On each of her knuckles is a letter written in marker.  Her left hand spells FURY, her right, SCAR. The U is being smeared by her wedding ring. She is hot to the touch, with a fever well above one hundred. “Since my spleen was kicked in, I get these fevers all the time.”

Before Eric was arrested they talked about saving money to buy a car. “Now I should use everything to go back to New York so I can follow Eric’s case. I can’t be alone out here. I turn my back for a second and some damn asshole tries to jump or rape me. I am not sure even the warehouse is safe anymore.”

Maybe you saw Pepsi?

If at 7:38 PM, on August 29th of last year, you were driving on the Bruckner Expressway, you might have caught a glimpse of Pepsi. She was leaning against the rail of the squat, watching the Amtrak trains pass beneath her. Maybe you didn’t see her. I mean, why would you look, because nobody is supposed to be there, hovering over the train yard like that. Maybe your eye was drawn to the families crossing the pedestrian bridge. Maybe you noticed her beneath that.

She was well lit, standing in the fading light, but she was still. It’s hard to see something that doesn’t move even if spotlighted.

Well, maybe you did see her. But you certainly didn’t see the black eye. Or the bruised ribs. Or the cut on her leg.  Not from that far away. Even if you stopped your car, walked through the dirty puddles, and opened the door with the “No Trespassing” sign, you would not have seen those. She was hiding them with make-up.

Those happened the night before. Beat up while walking the track. Beat up because a John “freaked out, went crazy, started beating on me.”  Or maybe she tried to steal from him. She does that now and then. “Who doesn’t?”

She had just woken up. The night before she had managed to get back to the squat, managed to borrow a few hits from Shelly for the pain, to allow her to sleep. “I crawled for a block.” 

You couldn’t have seen her before she woke, the bare mattress was hidden behind cardboard boxes.

If you did see her it was probably when Ramone pulled her up from mattress. The pain was too much to stand without another’s hand.

I doubt you saw her though. She only stood for five minutes and Ramone was only there for a little more than that.

She collapsed back into the sheltered bed after the Southbound Acela passed beneath her feet. She worked a needle into her arm, covered her eyes with her cap, and went back to sleep. Hidden again.

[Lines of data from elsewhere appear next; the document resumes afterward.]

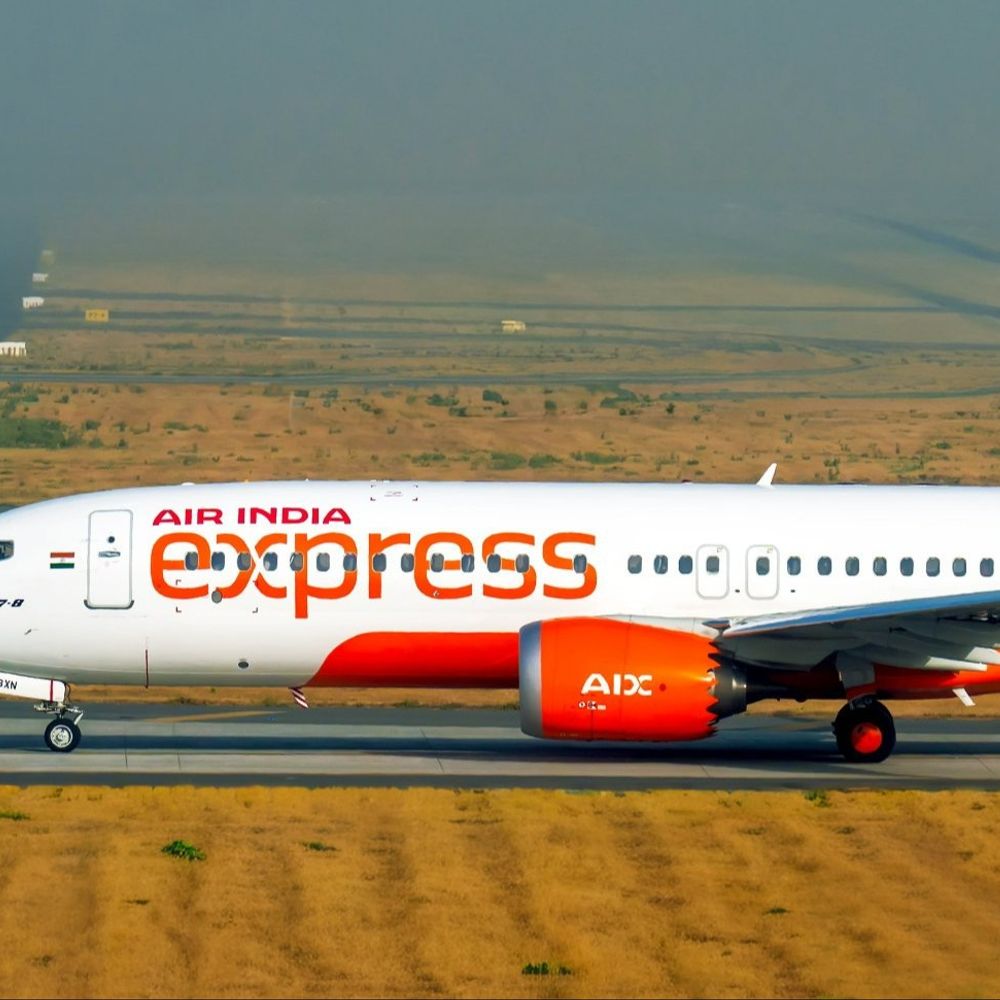 एअर इंडिया एक्सप्रेस फ्लाइट की कोचीन एयरपोर्ट पर इमरजेंसी लैंडिंग:लैंडिंग गियर और टायर फेल हुए; जेद्दा से कालीकट जा रही थी, 160 यात्री सुरक्षित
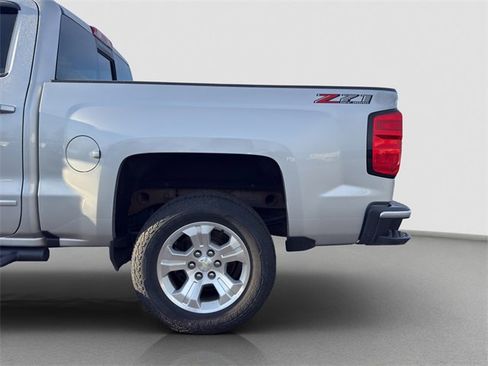Used 2018 Chevrolet Silverado 1500 LT w/ All Star Edition image 21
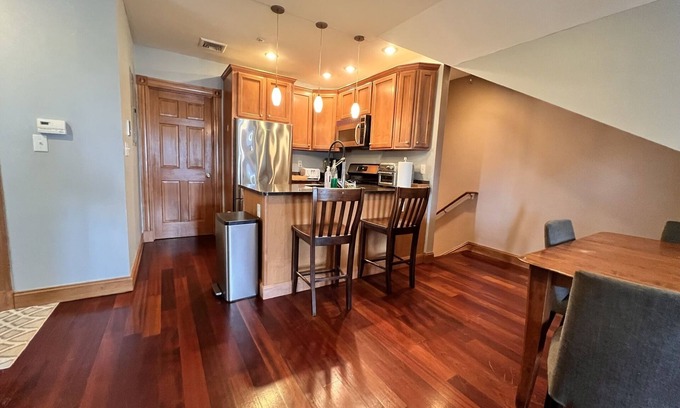 Inman Square Copropriété | 2BR Top Floor PH Apt w/ Private RoofDeck in Central Sq, minutes to Harvard&MIT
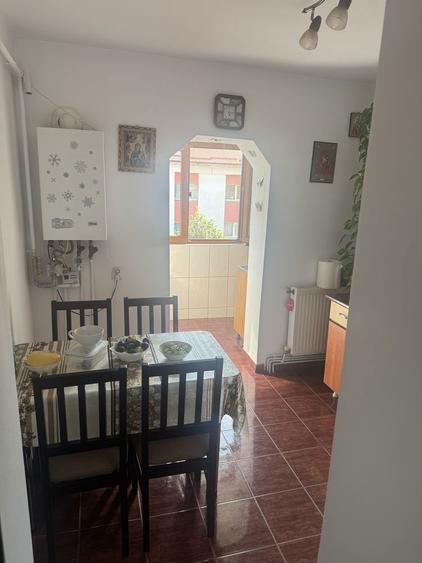 Apartament 2 camere confort 1. Spatios si luminos etaj 4 izolat. - 4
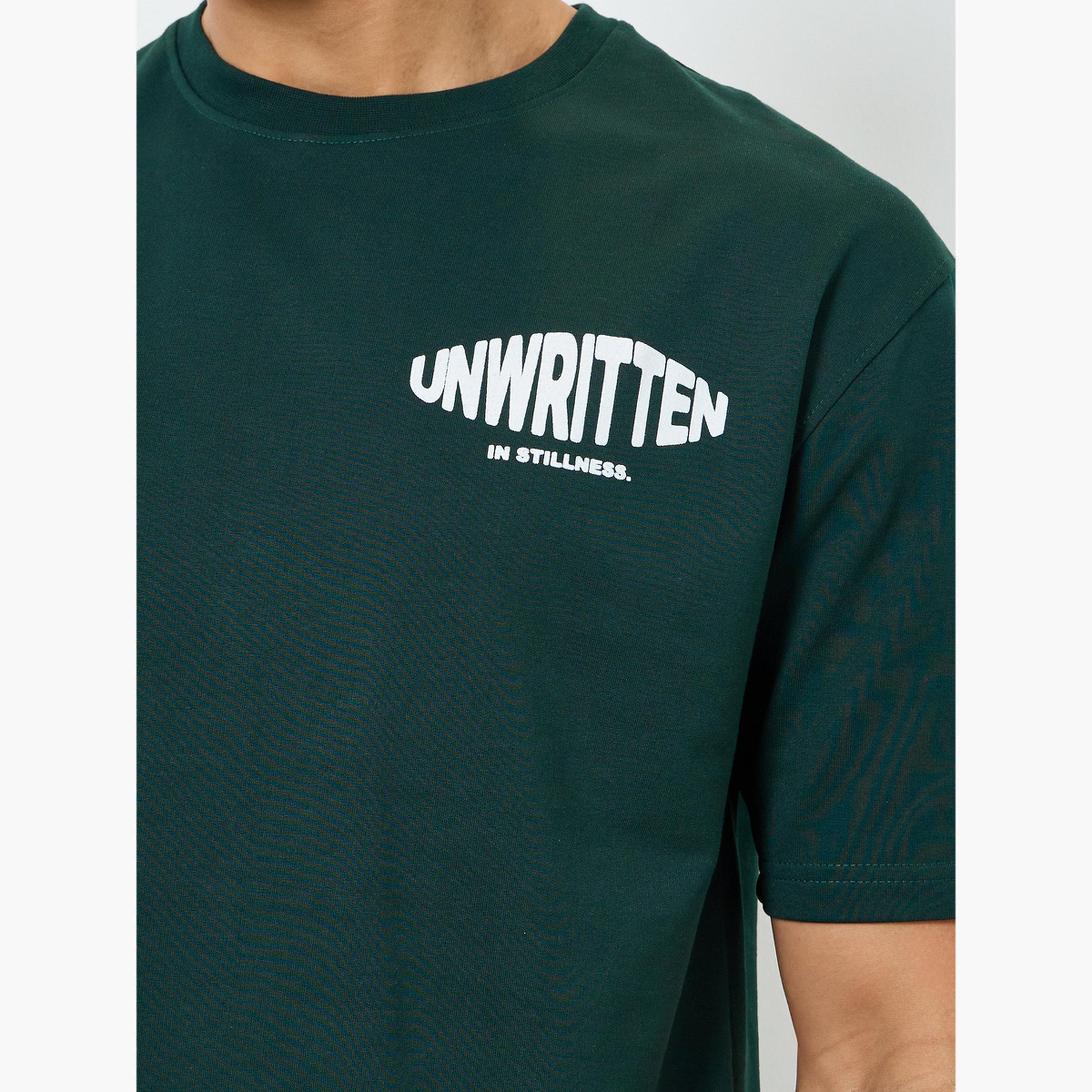 طقم منسق من تيشيرت وشورت بطبعة جرافيك للرجال-men-clothing-coordsets-image-3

With a broken leg, unable to do much, I sat in a bar and photographed those who passed by the open door.

And so it goes


The missed calls started slightly over a week ago. Voice messages started to ramble. Shelly was less often at the Laundromat, out for walks.

When my phone flashed 718-777-4300 I knew it was Shelly and I knew she was in Rikers. She was only person I had told about putting money into an account to accept calls from Rikers.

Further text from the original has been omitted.